6005A激光-MIG复合焊接头组织及力学性能研究

为了研究高强度铝合金的焊接性能,了解激光与金属惰性气体(MIG)之间的相互作用机理,进一步优化焊接工艺参量, 采用光纤激光器与MIG复合焊焊机对3mm厚6005A铝合金进行了复合焊接试验研究。结合焊缝形貌、接头的力学性能等,分析了工艺参量对焊缝质量的影响规律。结果表明, 采用激光-MIG复合焊接6005A,在合适的工艺参量下,可以实现表面成形良好的接头;焊缝中的物相主要由-Al固溶体和弥散分布在基体中的第二相Mg2Si组成;焊缝区的显微硬度明显低于热影响区和母材的显微硬度,接头的断裂处发生在焊缝区,这是由于焊接热循环导致焊缝区组织粗化与气孔缺陷所致,接头的断裂形式为韧性断裂,断裂处呈现大量的韧窝,接头的抗拉强度为251.52MPa,可以达到母材的89.19%。焊接质量符合工程需要。

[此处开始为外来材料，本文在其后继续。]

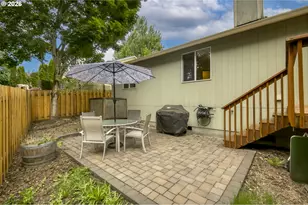 23786 SW Lodgepole Terrace, Sherwood, OR 97140 - Photo 21
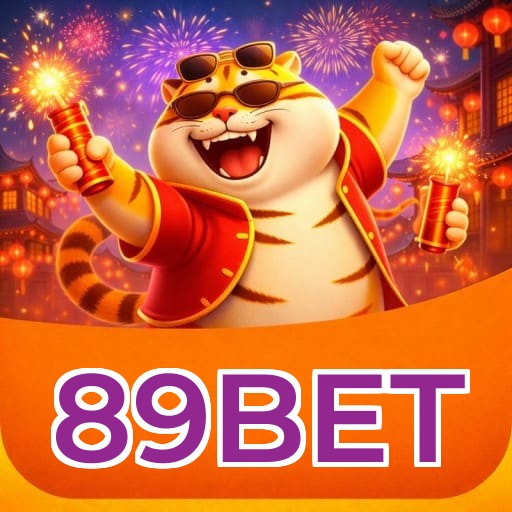 89BET Cadastro FAQ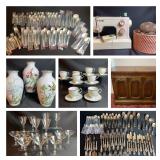 Stunning in Steeplechase Auction  Bidding ends 3/31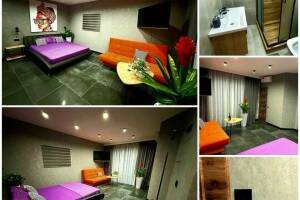 Изображение Изображение: Номер-8 #1 #8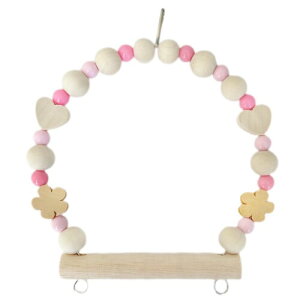 { SSf VR ZLZCCR   uR XCO STCY  AX`bN XeX ɂ ^CvNA pXeJ[ (NA64:sN,STCY)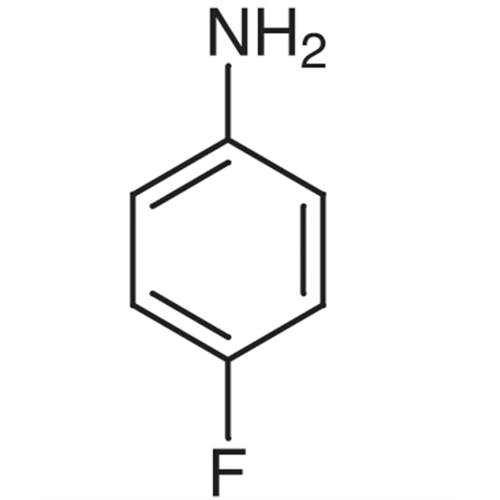 4-Fluoroaniline GC Standard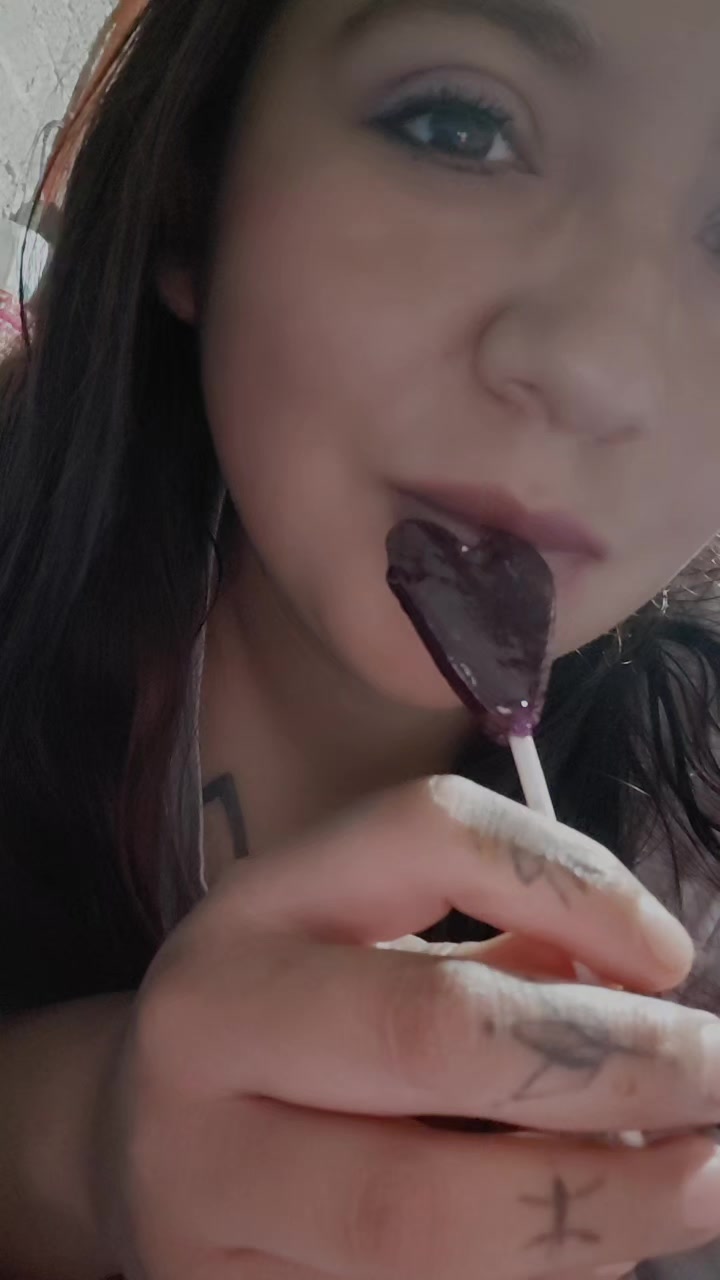 @julygonz665
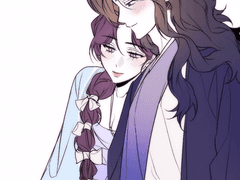 🌌𝟘𝟙~𝟙𝟘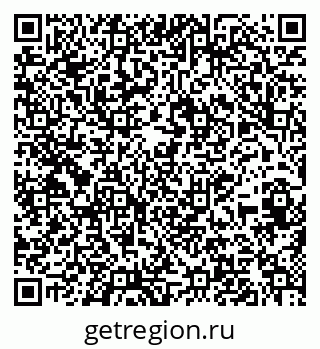 79639601259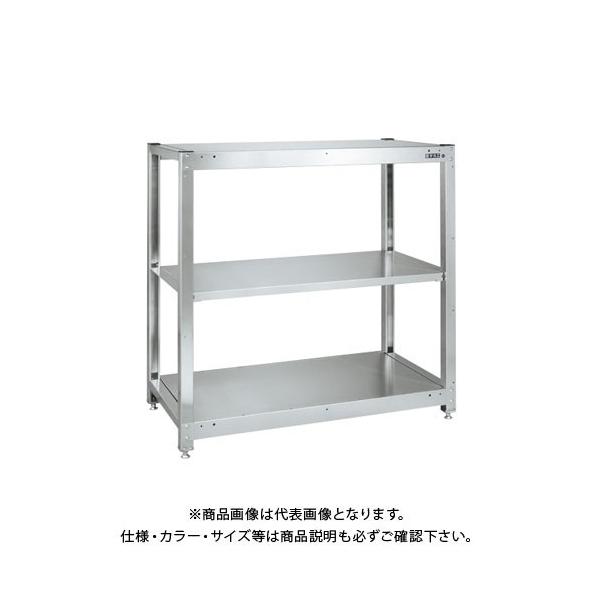 i TJG XeXbN SLN-1233SU4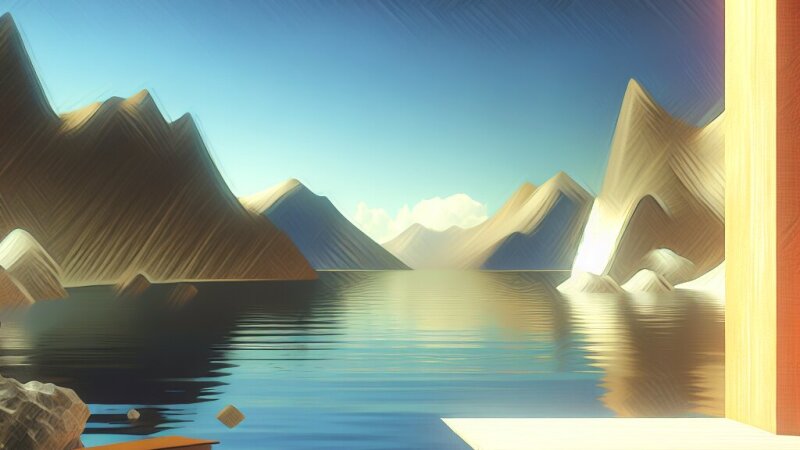 Desafios Essenciais do Conhecimento: Possibilidade, Origem e Critérios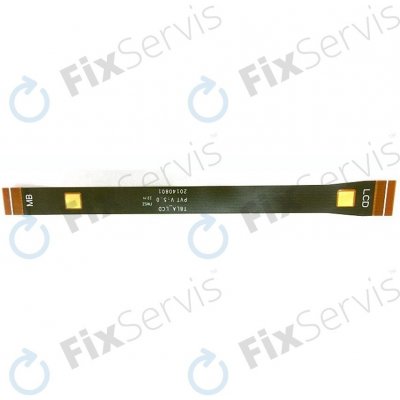 Lenovo TAB S8-50 - LCD Flex Kabel – Zbozi.Blesk.cz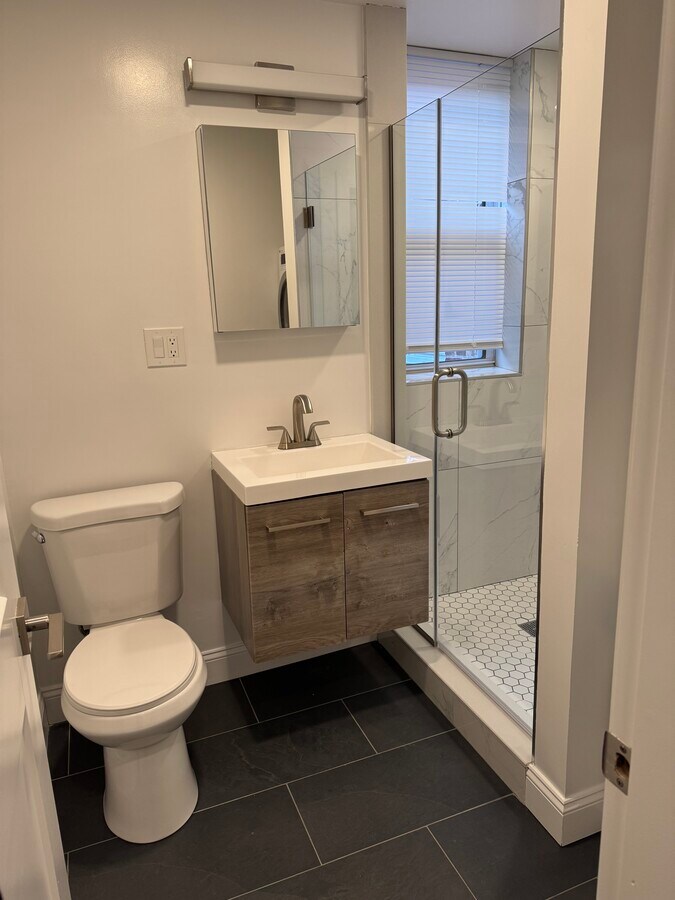 Photo - 203 Park Dr Unit 15
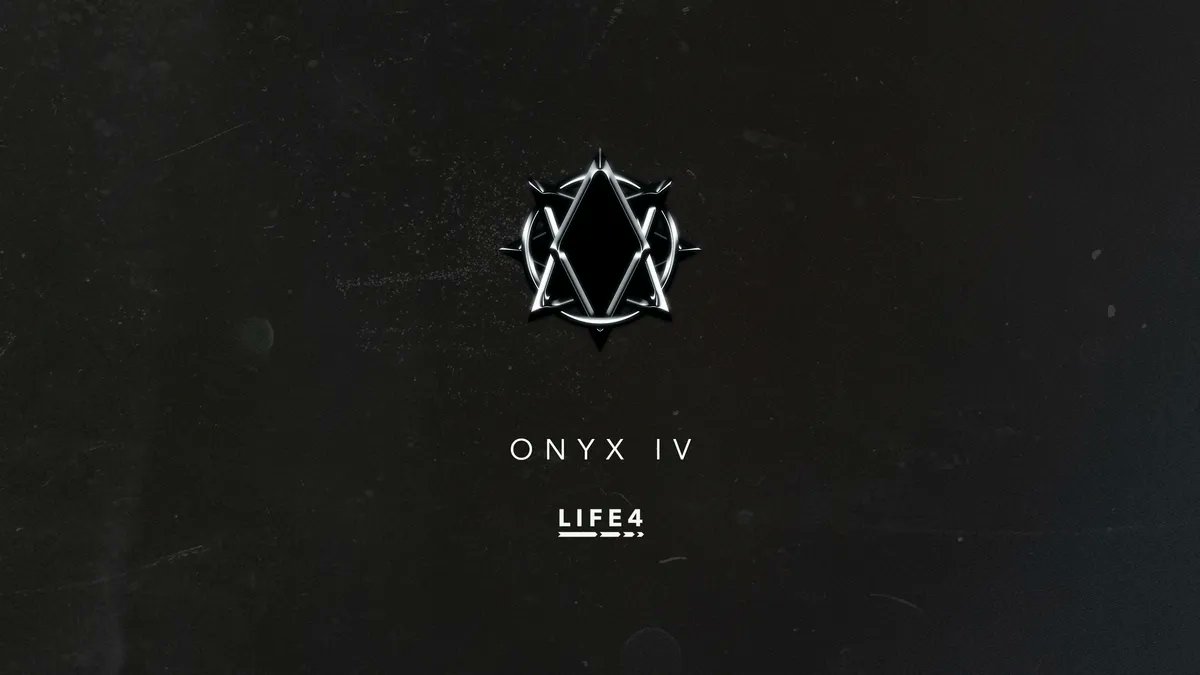 Player Sonny (<a href="/Sonnnyyyyyy/">☀️➡️ Southland Showdown</a>) has earned a new rank! They are now Onyx IV! Congratulations!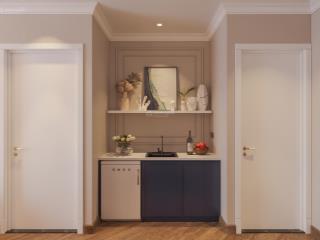 The sailing  sở hữu sổ hồng lâu dài  bàn giao 2026  căn hộ có vị trí đẹp nhất quy nhơn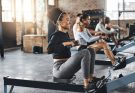 Go Healthy with Taiwan 2026: $30,000 Up for Grabs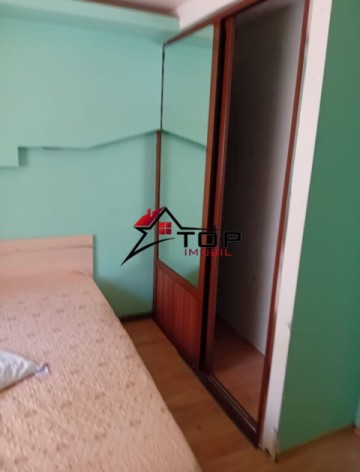 apartament-3-camere-semidecomandat-baza-3-6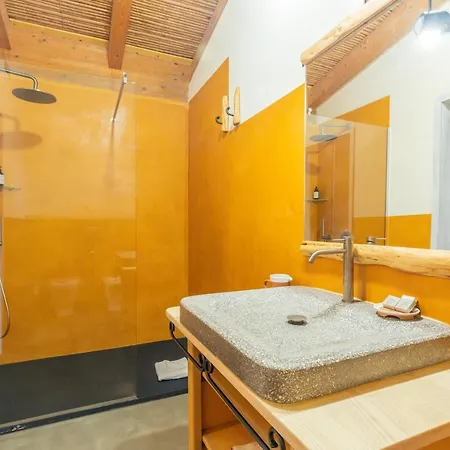 Hotel Domu Bresca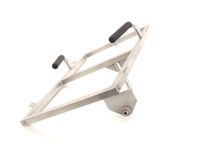 8064442SP Frymaster alternate view 2
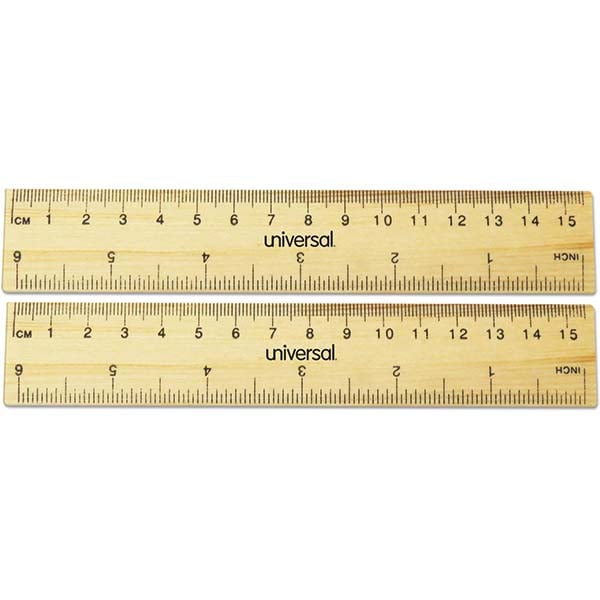 how-long-is-12-centimeters-tunersread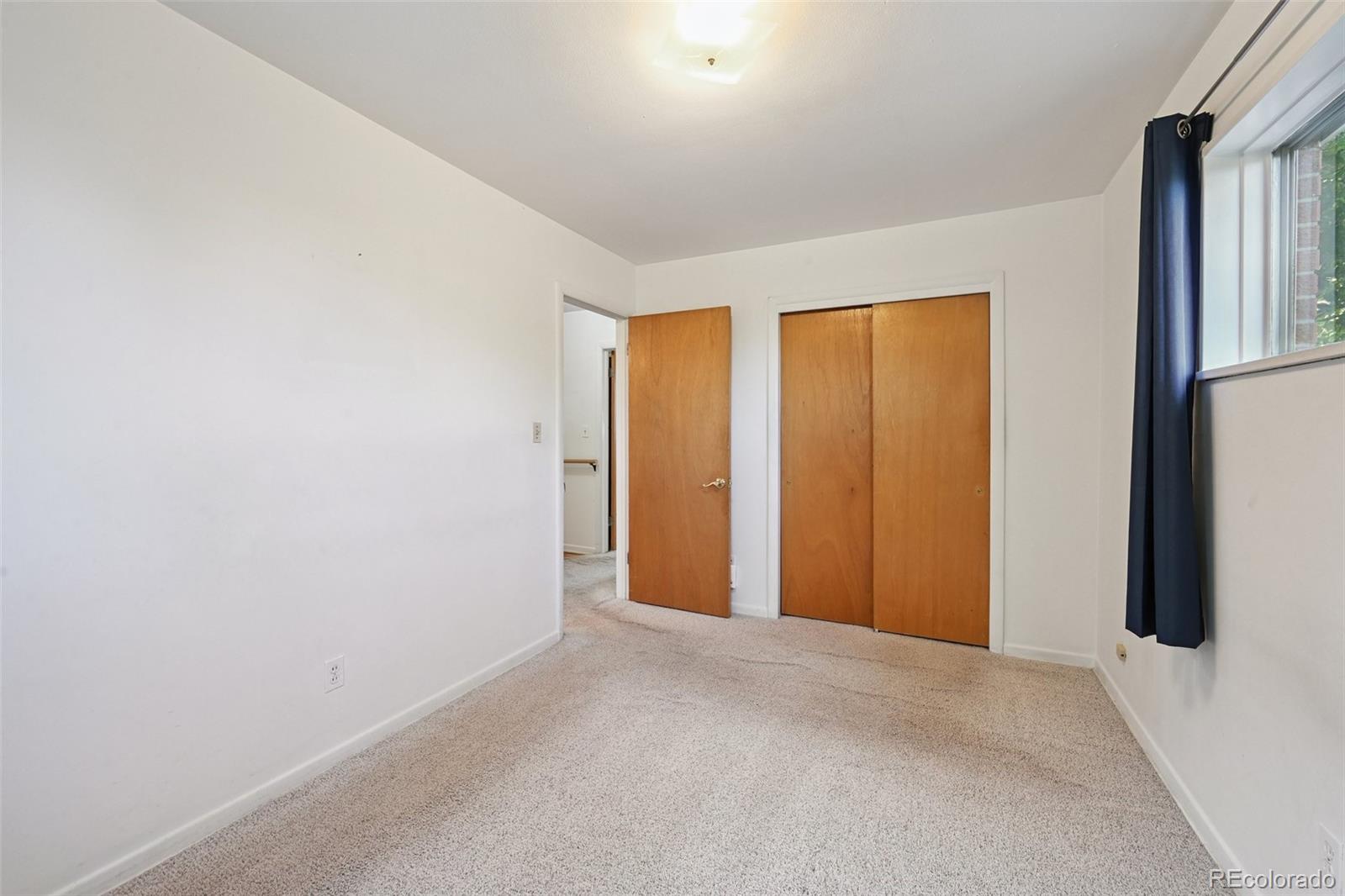 MLS Image #11 for 940  nile street,golden, Colorado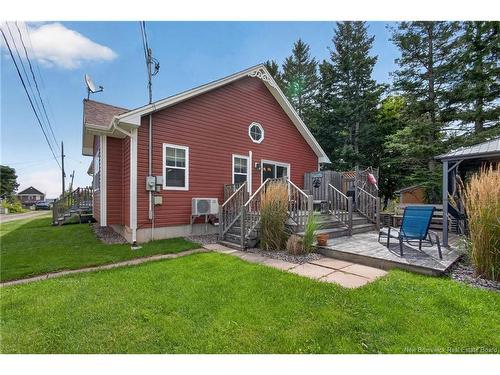 100 Rue Marge, Grande-Digue, NB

Study on microstructure and mechanical properties of 6005A joint in laser-MIG hybrid welding

In order to study the welding of high-strength aluminum alloy, understand the interaction mechanism between laser and metal inert gas (MIG) and optimize the welding process parameters further, experimental investigation on 6005A aluminum alloy with 3mm thickness in laser-MIG hybrid welding was performed using fiber laser and MIG welding machine. The influence of process parameters on weld quality was analyzed after combining weld morphology with mechanical properties of joints. The results show that a joint with good deformation for 6005A aluminum alloy under appropriate process parameters can be achieved in laser-MIG hybrid welding. Phases in the weld are mainly composed of -Al solid solution and the second phase Mg2Si dispersed in the matrix. It also is found that the hardness in the weld zone is significantly lower than that of the heat affected zone and the base metal. The fracture of welded joint occurs in the weld zone on account of microstructure coarsening and porosity defect induced by welding thermal cycle. It ruptures in the form of ductile fracture, where a lot of dimples appear. The tensile strength of the joint is 251.52MPa, 89.19% of the parent material. The weld quality meets the project requirements.